*** Opening Input for this task ***
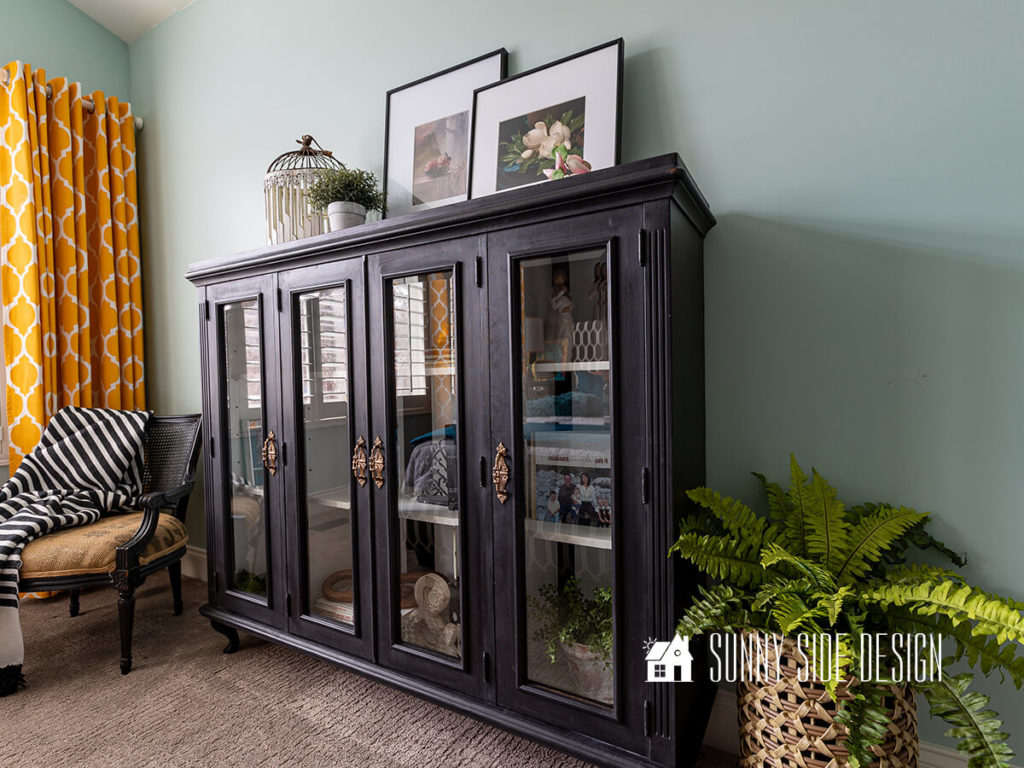 French-inspired bookshelves with glass doors made from a repurposed hutch top. Styled with art, books, plants.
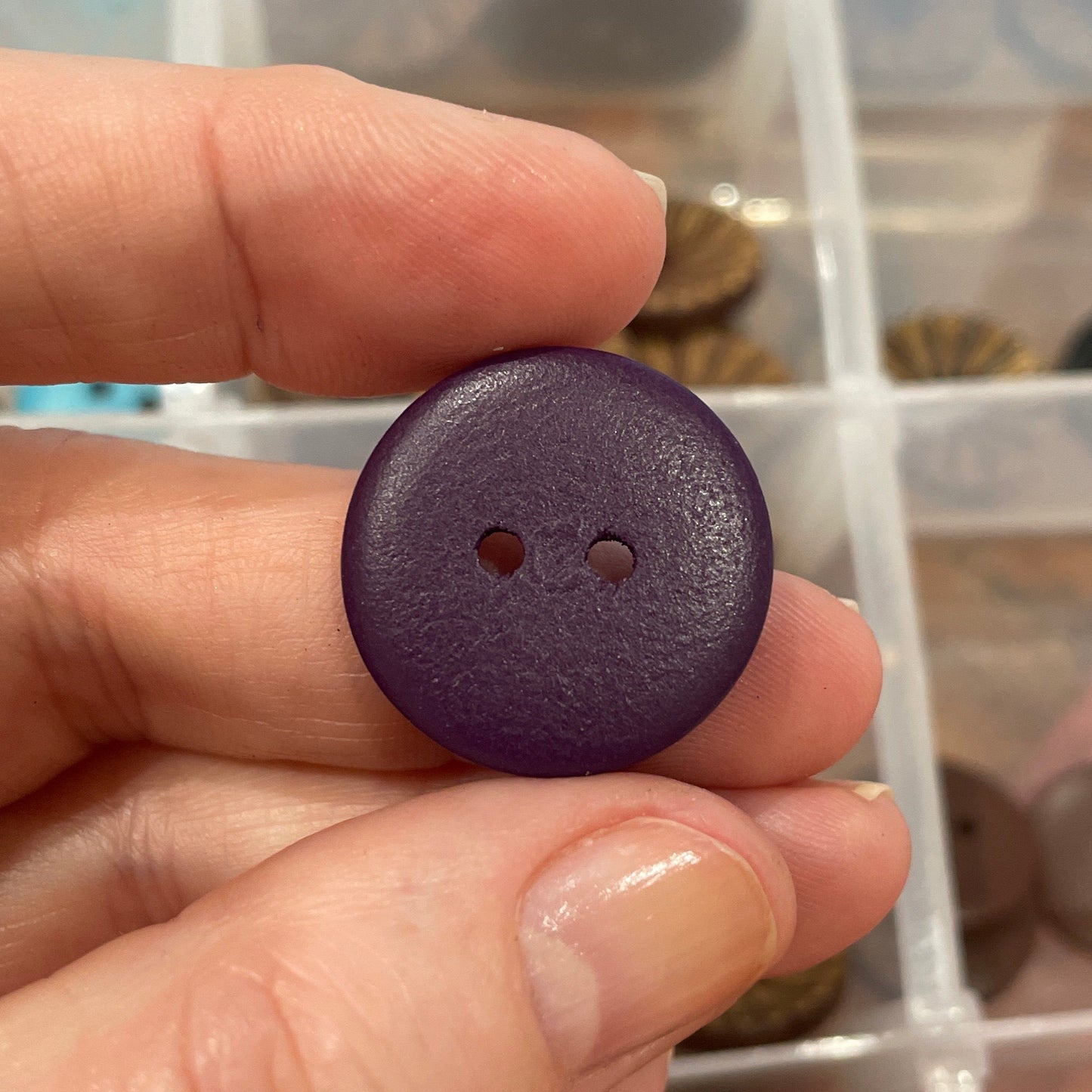 Hand holding a purple button with a clear container of assorted buttons in the background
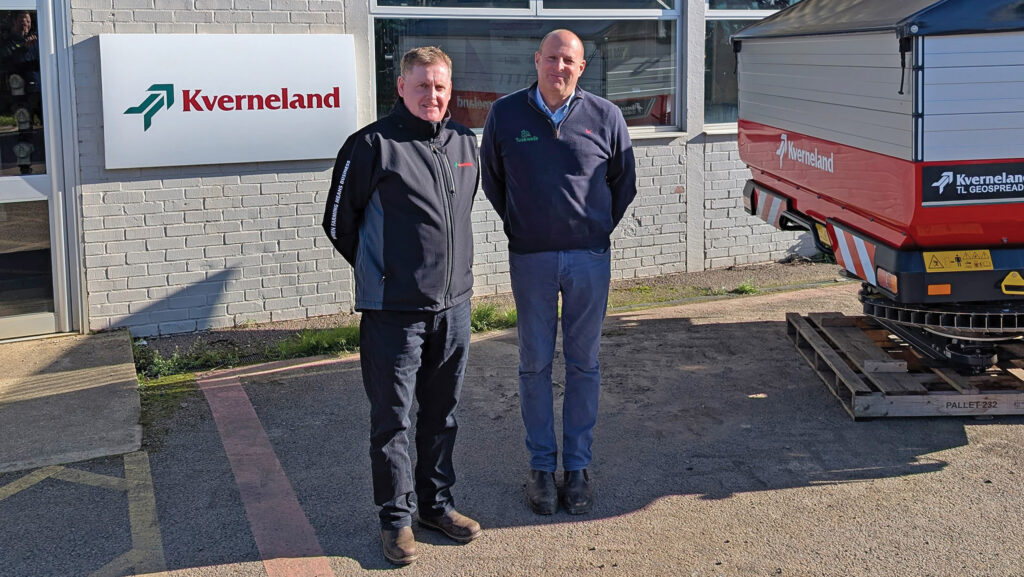 Men standing outside farm machinery dealership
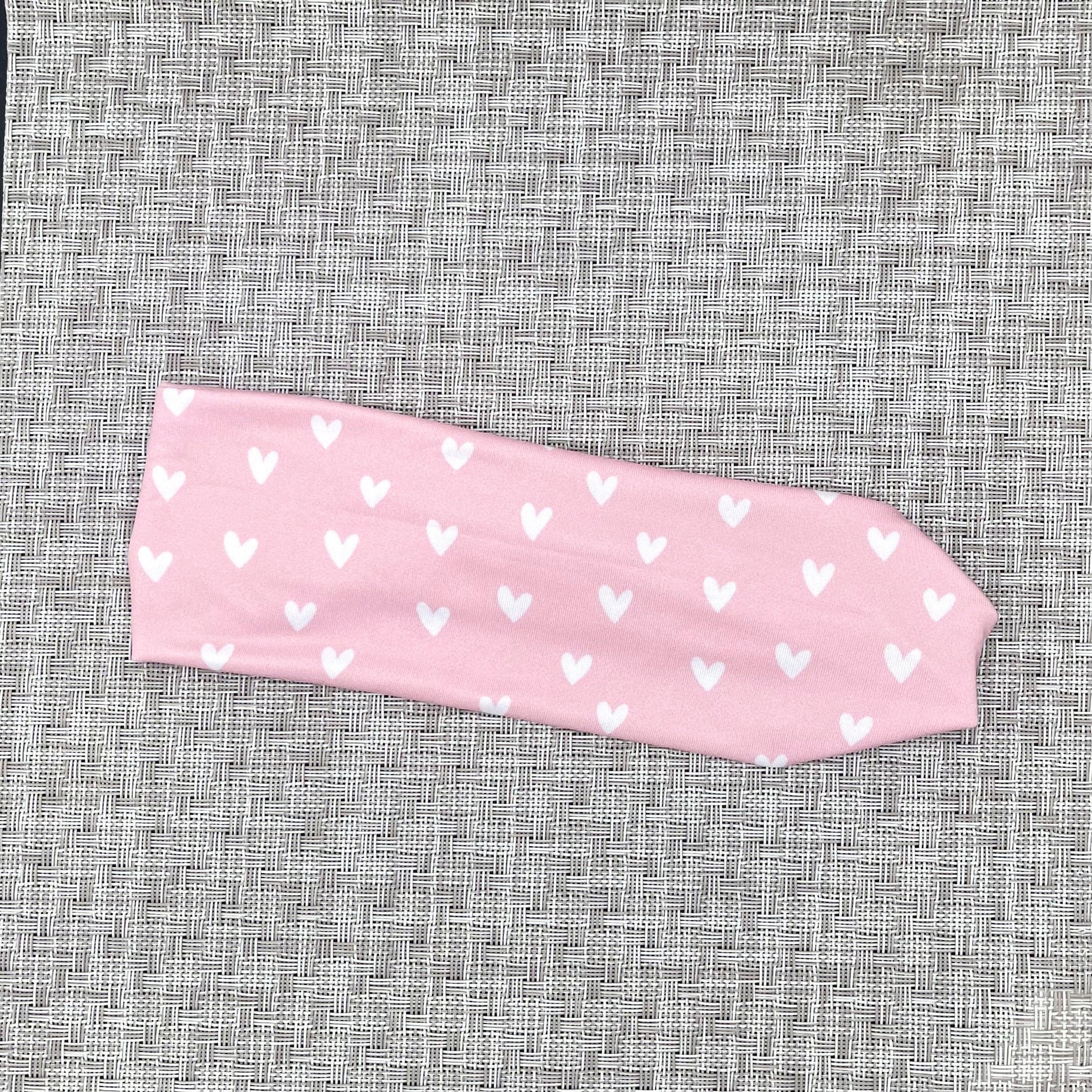 light pink headband with white hearts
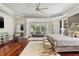 Expansive main bedroom with seating area, large windows, and hardwood flooring at 980 Fenimore Cir, Atlanta, GA 30350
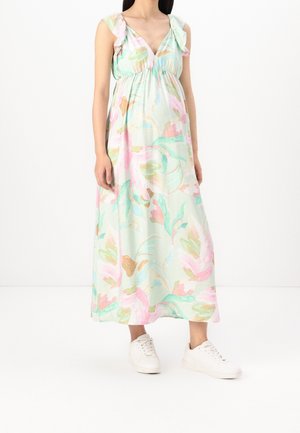 Femme portant une robe maxi fleurie pastel avec des épaules à volants et des baskets blanches, debout devant un fond blanc uni.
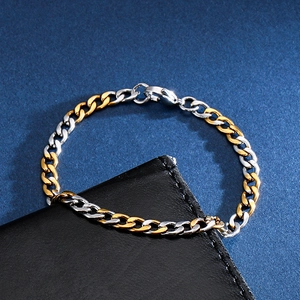 Dettaglio di bracciale a catena cubana bicolore oro e argento con chiusura a moschettone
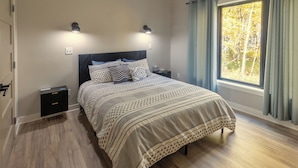 Un dormitorio con una cama, dos mesitas de noche, una lámpara de pared y un ventanal con cortinas.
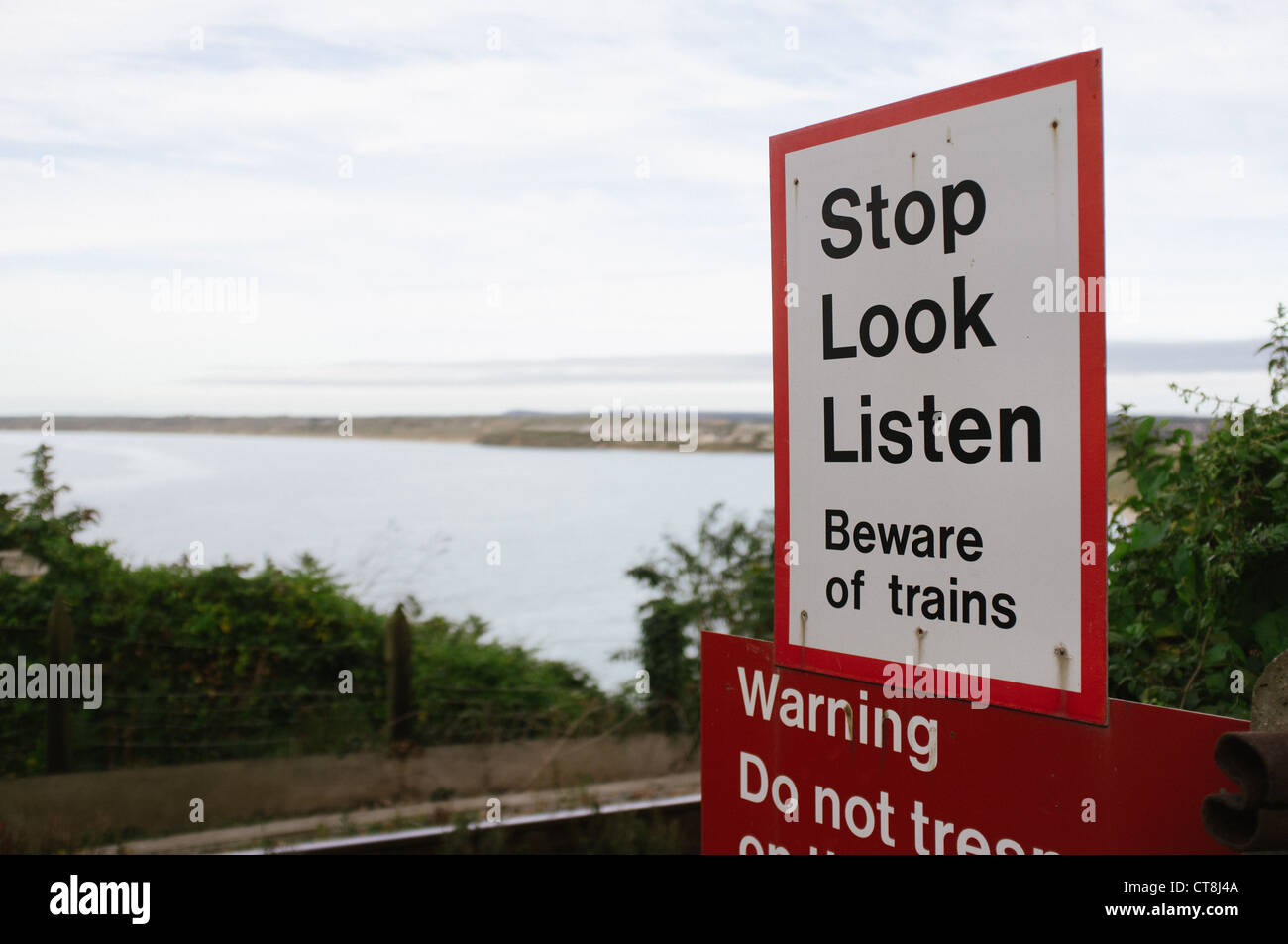 Stoppen Sie, schauen Sie, hören Sie Zeichen an einem Kreuzungspunkt auf der Bahnstrecke in Carbis Bay auf St. Ives, St Erth Nebenlinie, Cornwall Stockfoto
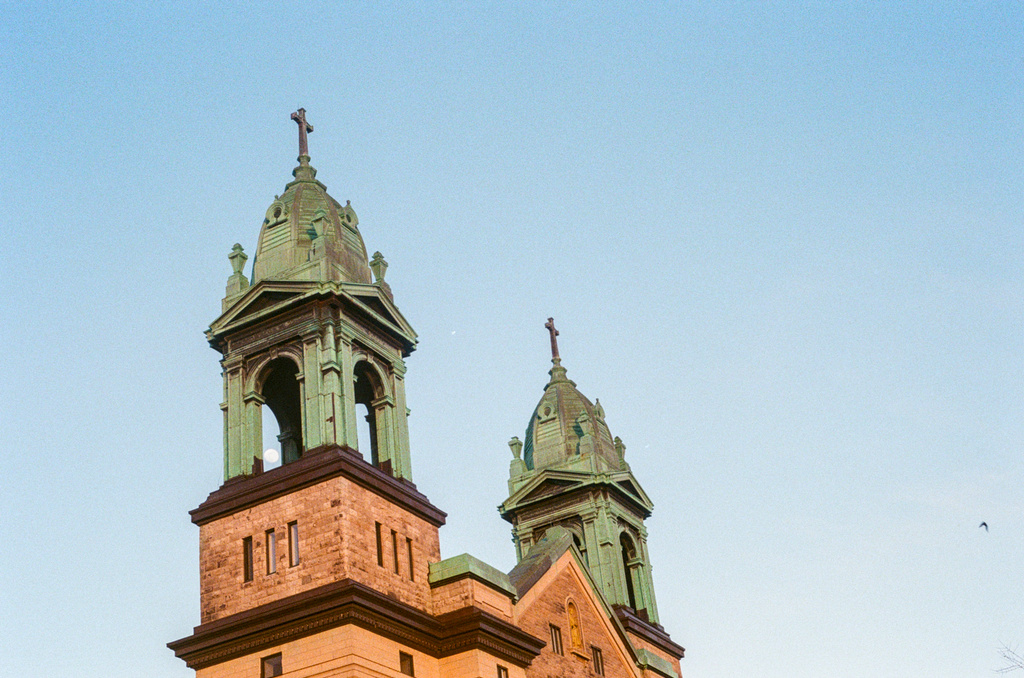 Two church spires reach up in the dusk light; the near-full moon shows through one of the bell towers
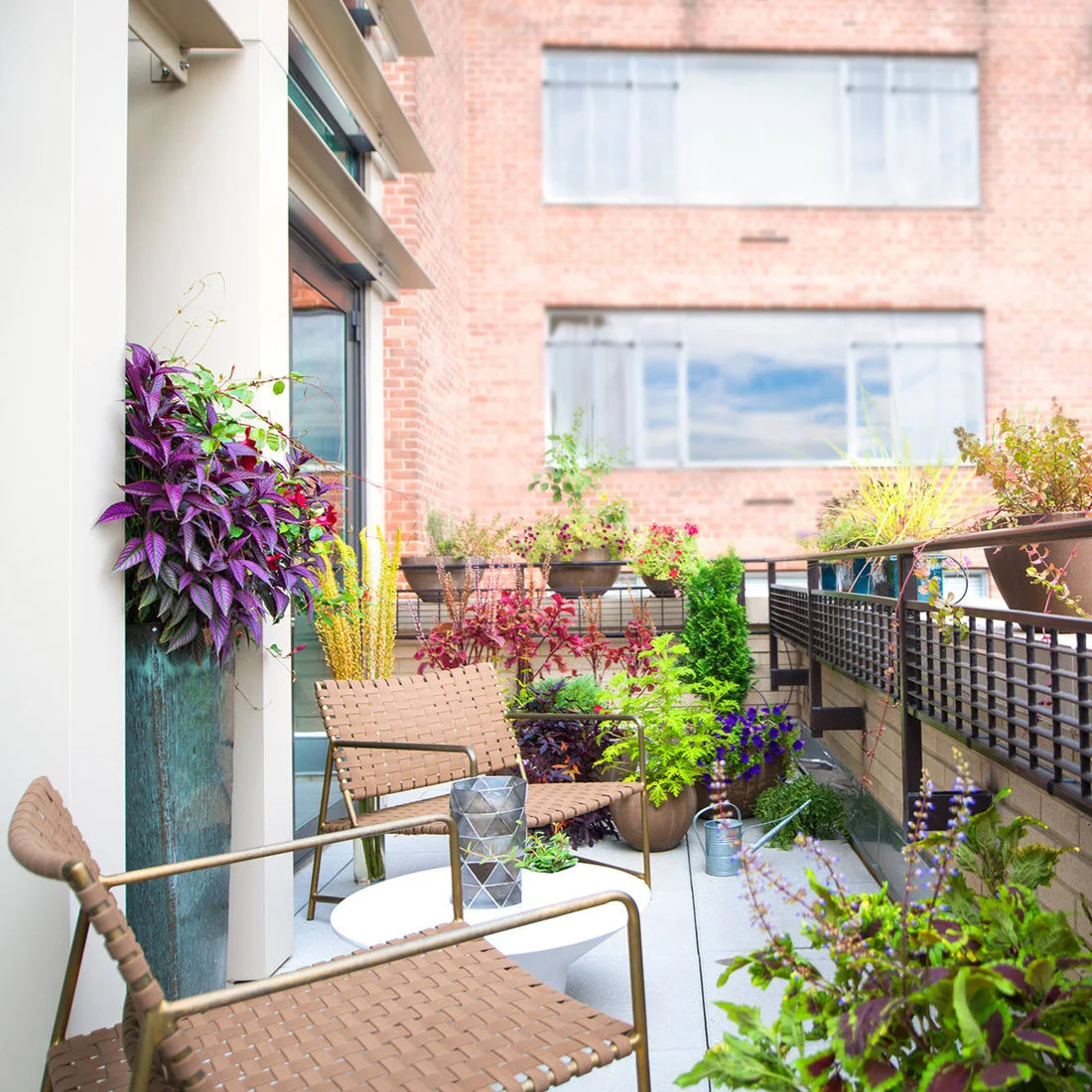Two woven chairs and a small white table sit among colorful container plants on a narrow balcony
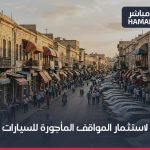 صورة تعبيرية لشارع تجاري في حماة مع مواقف سيارات
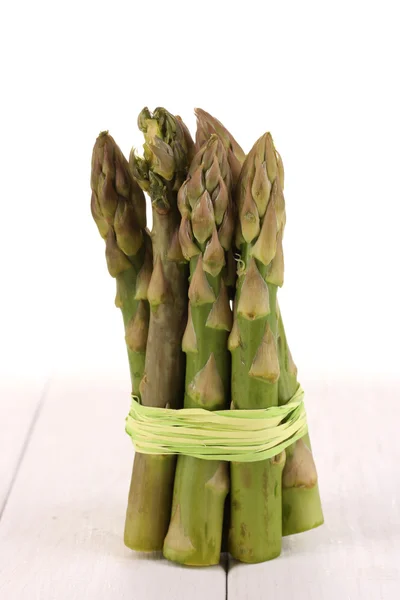 Useful asparagus on wooden table on white background — Stock Photo, Image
*** Closing Input for this task ***
Task: Copy every entry exactly, leaving out the pictures.

Answer box:
 French-inspired bookshelves with glass doors made from a repurposed hutch top. Styled with art, books, plants.
 Hand holding a purple button with a clear container of assorted buttons in the background
 Men standing outside farm machinery dealership
 light pink headband with white hearts
 Expansive main bedroom with seating area, large windows, and hardwood flooring at 980 Fenimore Cir, Atlanta, GA 30350
 Femme portant une robe maxi fleurie pastel avec des épaules à volants et des baskets blanches, debout devant un fond blanc uni.
 Dettaglio di bracciale a catena cubana bicolore oro e argento con chiusura a moschettone
 Un dormitorio con una cama, dos mesitas de noche, una lámpara de pared y un ventanal con cortinas.
 Stoppen Sie, schauen Sie, hören Sie Zeichen an einem Kreuzungspunkt auf der Bahnstrecke in Carbis Bay auf St. Ives, St Erth Nebenlinie, Cornwall Stockfoto
 Two church spires reach up in the dusk light; the near-full moon shows through one of the bell towers
Two woven chairs and a small white table sit among colorful container plants on a narrow balcony
 صورة تعبيرية لشارع تجاري في حماة مع مواقف سيارات
 Useful asparagus on wooden table on white background — Stock Photo, Image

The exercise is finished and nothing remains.